7 Customer Survey Tips, or How to Know Your Customer For Increased Leads & Profits
Ask any business owner and they’ll tell you, one of the most important rules of thumb is “know thy customer” (KTC).
Knowing who your customers are—not just on a superficial level, but also on a deeper level—is fundamental for business longevity. It can help your business with most any targeted marketing efforts such as social media marketing (communities with like-minded interests), direct mail and email list selection, copywriting, media buying, affiliate marketing and more. It can also help with bottom-line goals such as bonding, lead generation and sales.
For many years, I’ve found the best way to KTC is implementing periodic customer surveys, then creating a “customer profile” sheet. Ideally, you want to survey at least two times per year, especially after large attrition or list growth.
The profile sheet is important, as it’s a quick reference of your “Joe and Jane” customers, as well as your ideal ‘target’ lead. After all, your prospecting efforts should be a reflection of your current customer base.
But surprisingly enough, not every business knows how to effectively implement and data-mine its online surveys and the respective results.

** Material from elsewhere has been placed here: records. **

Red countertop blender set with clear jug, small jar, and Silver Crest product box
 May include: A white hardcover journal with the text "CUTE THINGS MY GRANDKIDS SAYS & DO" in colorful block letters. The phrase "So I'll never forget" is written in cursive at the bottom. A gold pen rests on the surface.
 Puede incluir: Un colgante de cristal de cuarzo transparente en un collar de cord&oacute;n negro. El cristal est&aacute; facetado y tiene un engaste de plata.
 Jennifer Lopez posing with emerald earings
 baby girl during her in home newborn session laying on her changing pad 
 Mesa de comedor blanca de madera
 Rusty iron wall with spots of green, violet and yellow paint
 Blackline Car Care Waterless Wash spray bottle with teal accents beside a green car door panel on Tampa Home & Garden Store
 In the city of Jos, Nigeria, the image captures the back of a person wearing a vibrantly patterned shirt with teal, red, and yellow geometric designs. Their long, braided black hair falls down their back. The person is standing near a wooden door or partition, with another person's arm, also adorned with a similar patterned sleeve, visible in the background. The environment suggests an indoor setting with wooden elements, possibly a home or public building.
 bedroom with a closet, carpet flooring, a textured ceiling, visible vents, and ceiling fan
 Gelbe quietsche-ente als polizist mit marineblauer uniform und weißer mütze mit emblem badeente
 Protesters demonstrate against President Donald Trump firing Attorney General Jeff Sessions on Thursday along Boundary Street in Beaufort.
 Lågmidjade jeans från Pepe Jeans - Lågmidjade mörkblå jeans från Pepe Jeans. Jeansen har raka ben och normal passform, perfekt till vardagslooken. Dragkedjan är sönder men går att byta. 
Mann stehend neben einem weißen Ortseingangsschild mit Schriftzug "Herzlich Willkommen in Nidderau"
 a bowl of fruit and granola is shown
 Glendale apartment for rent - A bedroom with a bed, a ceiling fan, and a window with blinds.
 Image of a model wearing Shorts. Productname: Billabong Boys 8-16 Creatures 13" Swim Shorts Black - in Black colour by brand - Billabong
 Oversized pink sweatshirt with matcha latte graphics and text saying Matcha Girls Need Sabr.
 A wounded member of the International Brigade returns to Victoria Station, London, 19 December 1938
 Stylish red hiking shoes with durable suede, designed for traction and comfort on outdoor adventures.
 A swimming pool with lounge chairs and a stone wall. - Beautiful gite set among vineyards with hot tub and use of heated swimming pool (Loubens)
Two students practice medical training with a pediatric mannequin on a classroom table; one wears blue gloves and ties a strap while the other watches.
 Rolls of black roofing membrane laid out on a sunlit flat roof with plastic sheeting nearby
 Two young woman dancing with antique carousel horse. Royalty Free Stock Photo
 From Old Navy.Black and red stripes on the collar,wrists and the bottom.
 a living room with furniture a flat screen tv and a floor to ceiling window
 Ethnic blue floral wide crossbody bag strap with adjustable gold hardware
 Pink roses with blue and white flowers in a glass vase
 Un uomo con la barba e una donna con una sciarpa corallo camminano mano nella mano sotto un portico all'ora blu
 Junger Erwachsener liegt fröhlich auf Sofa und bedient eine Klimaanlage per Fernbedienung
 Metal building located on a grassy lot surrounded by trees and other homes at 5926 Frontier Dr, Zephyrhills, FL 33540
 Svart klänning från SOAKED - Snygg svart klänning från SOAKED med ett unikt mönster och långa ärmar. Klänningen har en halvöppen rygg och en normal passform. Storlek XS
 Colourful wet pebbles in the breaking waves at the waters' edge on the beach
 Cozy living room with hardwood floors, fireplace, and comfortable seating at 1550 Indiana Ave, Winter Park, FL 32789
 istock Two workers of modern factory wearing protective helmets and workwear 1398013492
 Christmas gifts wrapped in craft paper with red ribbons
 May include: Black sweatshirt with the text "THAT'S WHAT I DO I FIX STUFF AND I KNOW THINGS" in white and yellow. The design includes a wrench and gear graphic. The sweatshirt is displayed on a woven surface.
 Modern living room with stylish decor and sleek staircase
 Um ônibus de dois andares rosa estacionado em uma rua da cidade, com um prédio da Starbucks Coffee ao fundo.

Here are some quick tips to get the best performance from your customer surveys for business growth and retention:
1. Keep surveys easy and short. The ideal length should be no longer than 10 to 20 questions and questions should be easy to answer. That means thinking of typical questions and having pre-populated multiple choice answers that only need a mouse click.
2. Go 360. Questions should cover demographics, geographics and psychographics. Also, for potential joint venture or advertising opportunities, it’s smart to also ask some competitor and purchase-behavioral type questions.
3. Segmentation is key. Send at least two separate emails to your list. One survey to paying customers and one survey to non-paying customers (leads). It will help later to have these two segments separated when you review response results. If one segment is less responsive than another, you can isolate future “bonding” strategies.